McTaggart takes on Cayman slight in UK commons

| 18/02/2011 | 3 Comments

(CNS): Despite the departure of Anthony Travers, Cayman Finance is keeping up with the work he started. Interim Chairman Roy McTaggart has sent a letter to Ronnie Campbell, MP (left), a UK parliamentarian who referred to the Cayman Islands as a tax haven during a debate in the House of Commons on Wednesday. In the letter he says that Campbell is doing a disservice to his constituents, given the enormous economic benefits UK companies gain by using Cayman when he inaccurately describes the islands as a tax haven. Delivering the same message as his predecessor, McTaggart says Cayman is a fully transparent jurisdiction and not a place where individuals or corporations are able to “hide money”.

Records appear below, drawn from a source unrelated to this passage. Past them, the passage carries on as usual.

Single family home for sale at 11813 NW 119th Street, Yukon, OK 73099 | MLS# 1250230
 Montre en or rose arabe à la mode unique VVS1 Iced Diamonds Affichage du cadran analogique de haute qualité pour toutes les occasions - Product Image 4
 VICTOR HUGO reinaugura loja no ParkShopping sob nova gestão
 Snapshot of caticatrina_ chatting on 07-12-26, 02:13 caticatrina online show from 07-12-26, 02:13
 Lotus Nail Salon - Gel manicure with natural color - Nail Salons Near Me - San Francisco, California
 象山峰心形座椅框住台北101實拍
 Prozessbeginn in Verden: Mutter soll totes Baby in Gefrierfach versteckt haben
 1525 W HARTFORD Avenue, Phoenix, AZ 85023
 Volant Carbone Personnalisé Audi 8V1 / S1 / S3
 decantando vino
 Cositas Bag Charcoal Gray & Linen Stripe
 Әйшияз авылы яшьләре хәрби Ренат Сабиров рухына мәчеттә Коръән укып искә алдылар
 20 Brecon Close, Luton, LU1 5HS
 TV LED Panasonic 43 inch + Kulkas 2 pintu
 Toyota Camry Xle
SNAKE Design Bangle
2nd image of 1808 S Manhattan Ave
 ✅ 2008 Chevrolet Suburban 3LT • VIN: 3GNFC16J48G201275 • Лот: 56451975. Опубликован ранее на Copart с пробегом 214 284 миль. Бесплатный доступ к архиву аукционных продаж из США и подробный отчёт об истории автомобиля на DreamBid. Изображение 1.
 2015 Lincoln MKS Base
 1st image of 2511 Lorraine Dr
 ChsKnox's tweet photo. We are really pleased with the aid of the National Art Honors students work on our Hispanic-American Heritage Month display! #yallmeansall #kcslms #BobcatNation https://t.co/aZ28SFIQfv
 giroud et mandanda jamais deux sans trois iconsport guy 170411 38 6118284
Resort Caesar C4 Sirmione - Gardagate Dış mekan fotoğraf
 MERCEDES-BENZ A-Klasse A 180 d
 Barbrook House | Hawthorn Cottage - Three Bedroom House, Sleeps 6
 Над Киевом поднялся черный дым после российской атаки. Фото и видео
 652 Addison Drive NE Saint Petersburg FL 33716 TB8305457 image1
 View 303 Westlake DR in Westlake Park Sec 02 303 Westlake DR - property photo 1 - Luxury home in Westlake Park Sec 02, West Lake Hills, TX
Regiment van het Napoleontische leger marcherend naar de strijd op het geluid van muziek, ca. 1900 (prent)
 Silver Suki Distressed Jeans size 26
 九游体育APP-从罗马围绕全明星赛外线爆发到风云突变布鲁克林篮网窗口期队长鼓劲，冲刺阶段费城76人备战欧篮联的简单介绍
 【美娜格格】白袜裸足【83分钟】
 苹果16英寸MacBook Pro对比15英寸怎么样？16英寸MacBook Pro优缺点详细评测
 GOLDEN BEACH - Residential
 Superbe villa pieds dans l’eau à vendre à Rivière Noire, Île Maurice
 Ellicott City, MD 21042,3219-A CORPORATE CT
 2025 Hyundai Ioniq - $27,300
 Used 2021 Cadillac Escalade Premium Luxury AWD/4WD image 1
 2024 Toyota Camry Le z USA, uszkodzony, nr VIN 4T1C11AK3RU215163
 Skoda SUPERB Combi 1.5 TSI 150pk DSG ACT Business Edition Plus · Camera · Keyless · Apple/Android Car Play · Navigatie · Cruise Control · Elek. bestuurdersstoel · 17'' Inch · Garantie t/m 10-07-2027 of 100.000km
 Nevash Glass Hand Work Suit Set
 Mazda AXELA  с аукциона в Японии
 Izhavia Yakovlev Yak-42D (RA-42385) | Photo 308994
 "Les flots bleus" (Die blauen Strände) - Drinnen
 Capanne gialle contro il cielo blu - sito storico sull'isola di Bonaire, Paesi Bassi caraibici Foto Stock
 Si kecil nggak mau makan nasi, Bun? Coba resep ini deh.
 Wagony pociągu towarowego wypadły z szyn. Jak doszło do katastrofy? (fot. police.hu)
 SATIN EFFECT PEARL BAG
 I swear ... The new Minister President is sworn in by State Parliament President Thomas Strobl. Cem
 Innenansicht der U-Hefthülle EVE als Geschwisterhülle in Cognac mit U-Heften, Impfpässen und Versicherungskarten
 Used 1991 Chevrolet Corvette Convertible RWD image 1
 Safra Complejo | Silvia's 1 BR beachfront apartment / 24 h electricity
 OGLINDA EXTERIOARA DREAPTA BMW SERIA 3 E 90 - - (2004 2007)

During his comments in the UK parliament Campbell, the Labour MP for Blyth Valley, said he was sick of hearing the argument that there was no money in the UK government’s coffers. “Does my right hon. Friend not agree that, if all the multinational companies, including the banks, paid the tax on their profits instead of avoiding doing so by hiding their money in tax havens such as the Cayman islands, we would not have this problem? We would have bags of money-billions of pounds,” he said.

In his letter McTaggart, who took up the role only this week, said the statement was factually inaccurate and that UK-based multinational companies and corporate structures that are domiciled in the Cayman Islands have done so legally and in compliance with their domestic tax laws.

“This model allows these companies to make the most efficient use of capital held in the UK, thereby creating employment and wealth for your constituents,” McTaggart wrote. “The tax neutral platform which the Cayman Islands provide to international financing transactions has nothing whatsoever to do with the issue of tax evasion. Cayman Island entities pay taxes in the jurisdictions where the profits are made in accordance with the laws of those jurisdictions.”

He pointed out that the responsibility for the ability of UK companies to use Cayman remained with UK tax laws.

See McTaggart’s letter below.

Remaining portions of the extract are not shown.